Dataset excerpts:
━━━━━━━━
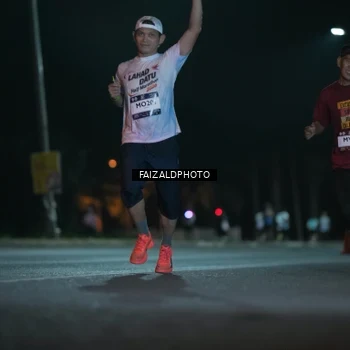 Runner Photo 7875333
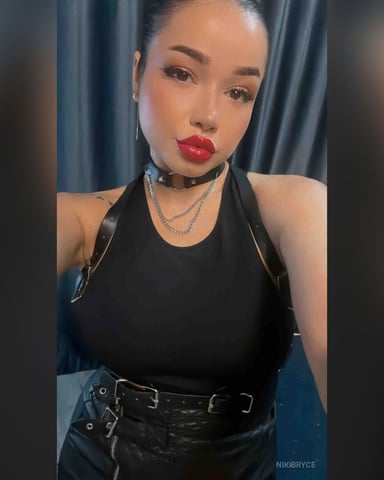 NikiBryce foto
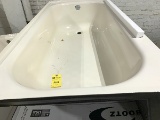 Bootz Bath Tub, 5'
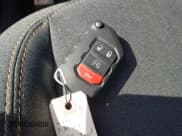 ✅ 2024 Jeep Wrangler Sport S • VIN: 1C4PJXDG5RW334658 • Lot: 42932305. Wystawiony na IAAI z przebiegiem 6 587 mil. Bezpłatny archiwum sprzedaży aukcyjnych z USA i szczegółowy raport historii pojazdu na DreamBid. Zdjęcie 11.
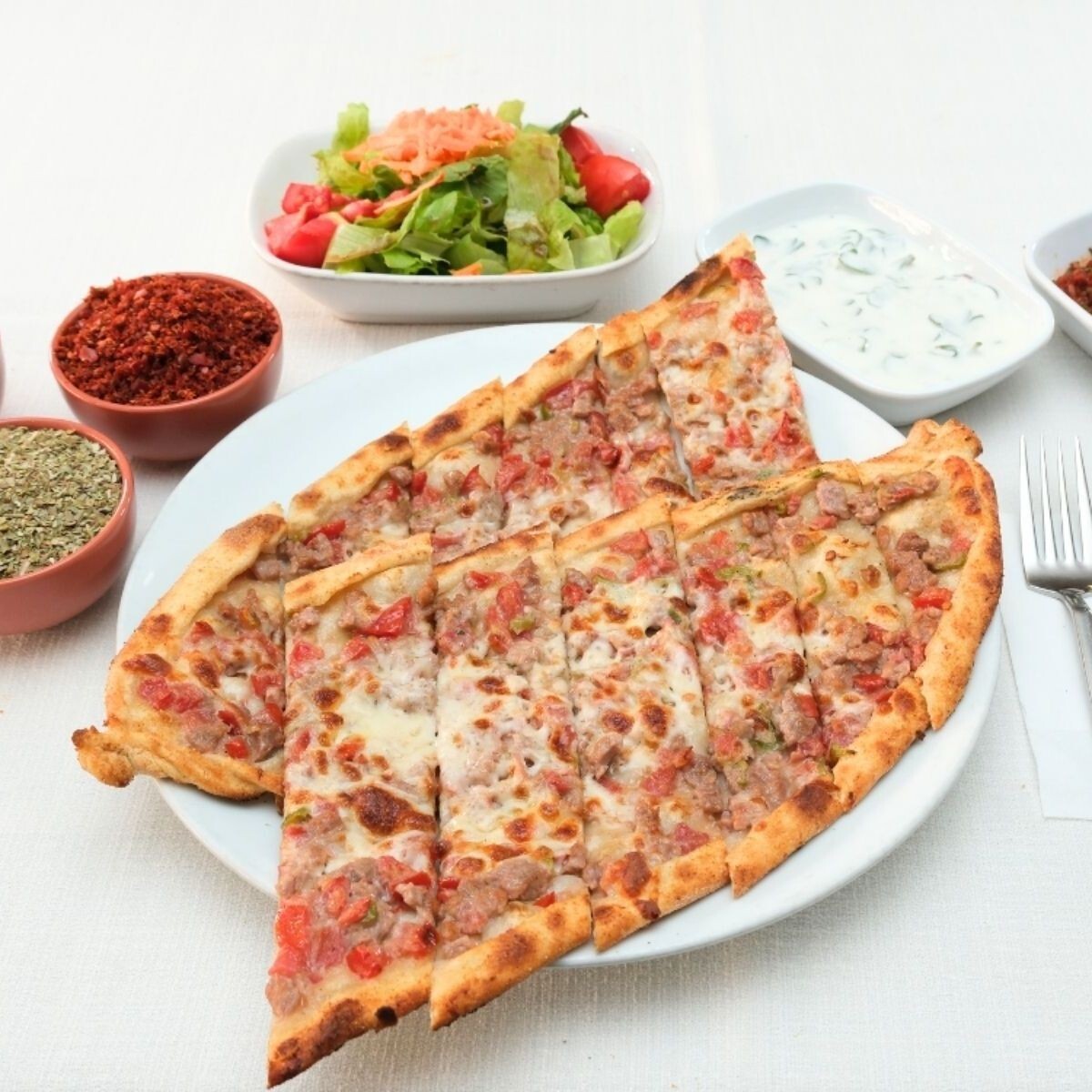 Kuşbaşılı Kaşarlı Pide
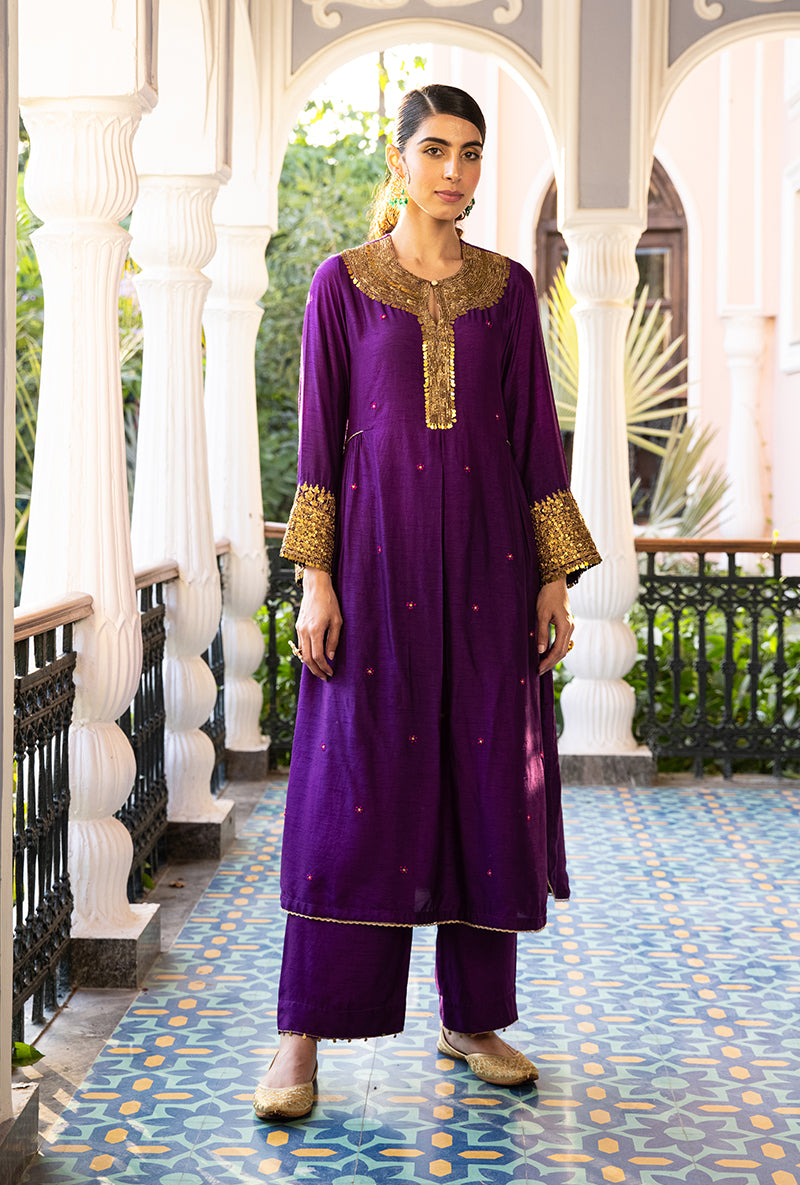 Purple Heavy Pitta Neck & Marodi Sleeves Sunehri Kurta Set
━━━━━━━━
Prompt = From the first line to the last, copy the records above exactly and drop any pictures.

Exercise response =
 Runner Photo 7875333
 NikiBryce foto
 Bootz Bath Tub, 5'
 ✅ 2024 Jeep Wrangler Sport S • VIN: 1C4PJXDG5RW334658 • Lot: 42932305. Wystawiony na IAAI z przebiegiem 6 587 mil. Bezpłatny archiwum sprzedaży aukcyjnych z USA i szczegółowy raport historii pojazdu na DreamBid. Zdjęcie 11.
 Kuşbaşılı Kaşarlı Pide
 Purple Heavy Pitta Neck & Marodi Sleeves Sunehri Kurta Set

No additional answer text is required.